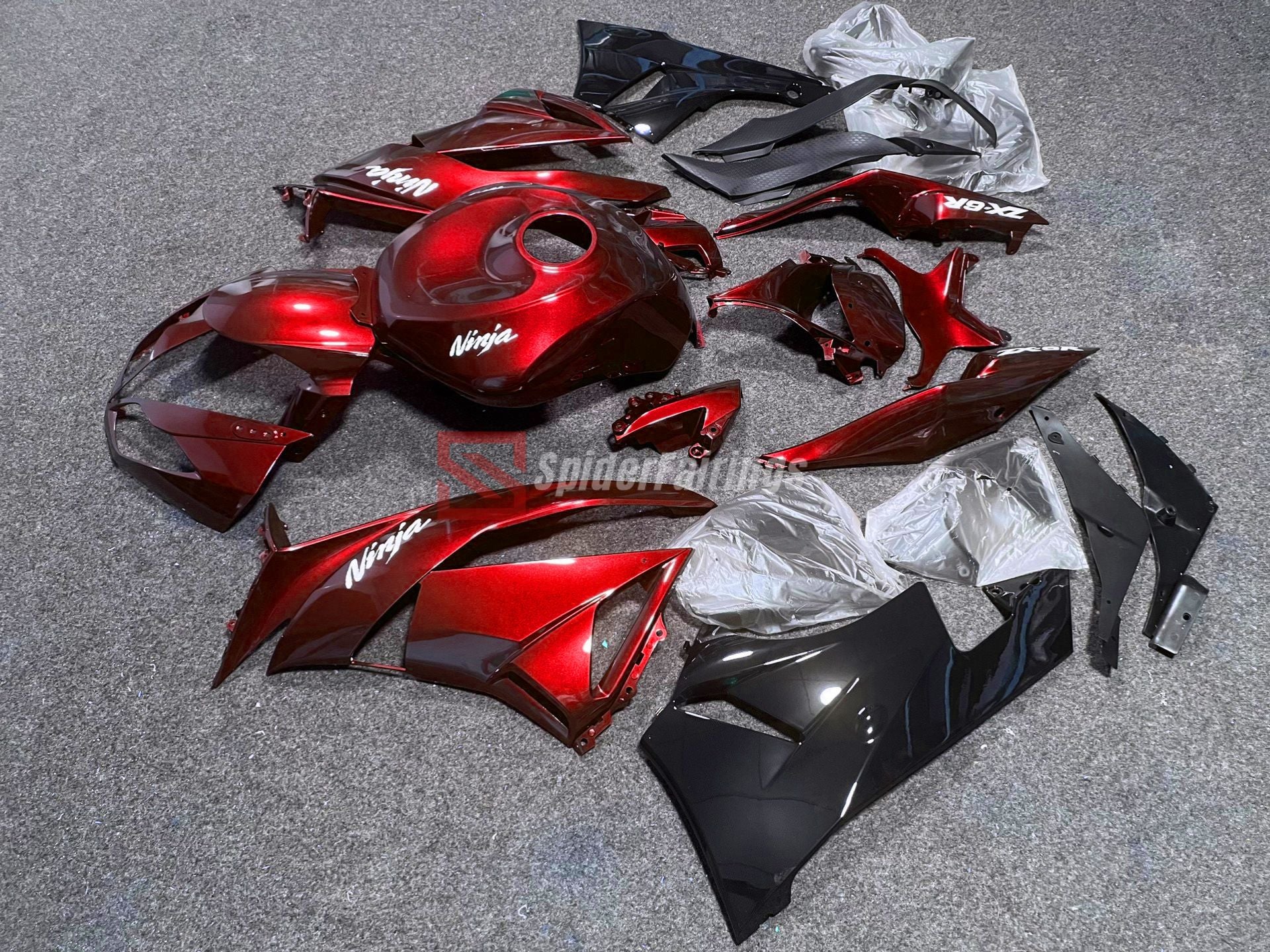 Metallic Red-Kawasaki ZX-6R 2009-2012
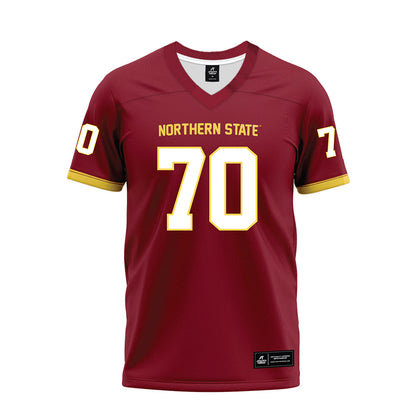 NSU - NCAA Football : Jeffrey Kunzman - Maroon Premium Football Jersey-0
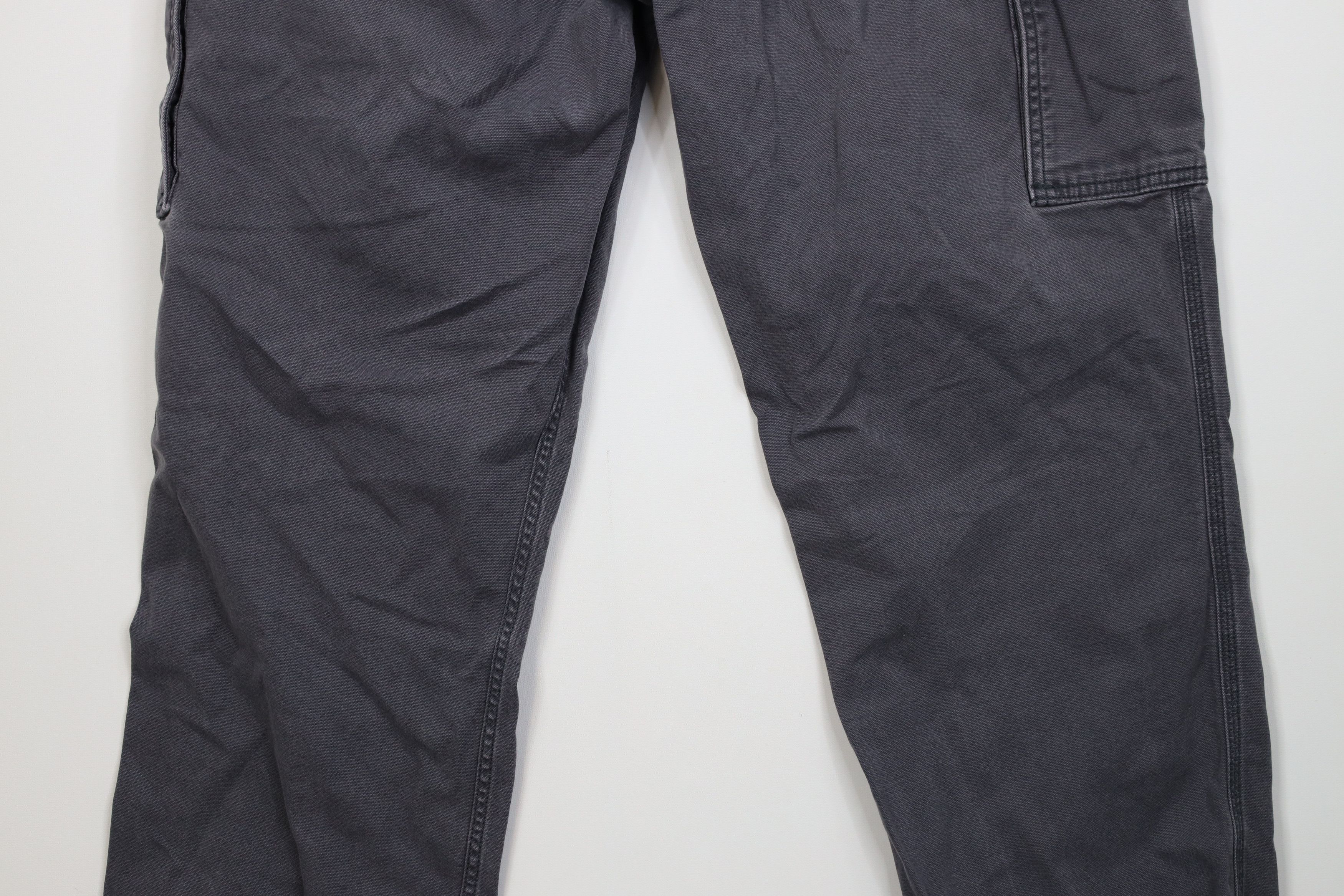 Carhartt Vintage Carhartt Relaxed Canvas Wide Leg Cargo Pants Gray Size US 38 / EU 54 - 12 Thumbnail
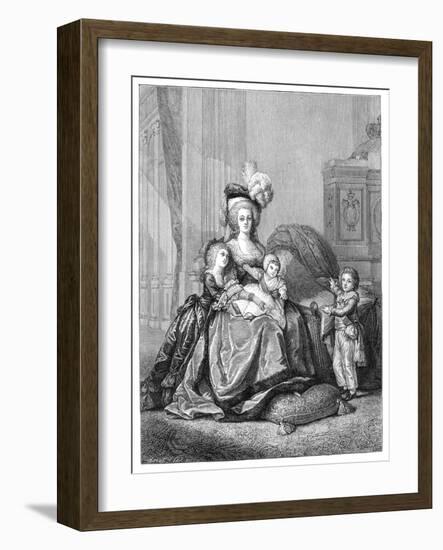 Marie Antoinette and Her Children, C1787-Elisabeth Louise Vigee-LeBrun-Framed Giclee Print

**WORK INSTRUCTION:** The material above should be returned exactly, without pictures.

**RESPONSE TO THIS EXERCISE:**
 Metallic Red-Kawasaki ZX-6R 2009-2012
 NSU - NCAA Football : Jeffrey Kunzman - Maroon Premium Football Jersey-0
 Carhartt Vintage Carhartt Relaxed Canvas Wide Leg Cargo Pants Gray Size US 38 / EU 54 - 12 Thumbnail
 Marie Antoinette and Her Children, C1787-Elisabeth Louise Vigee-LeBrun-Framed Giclee Print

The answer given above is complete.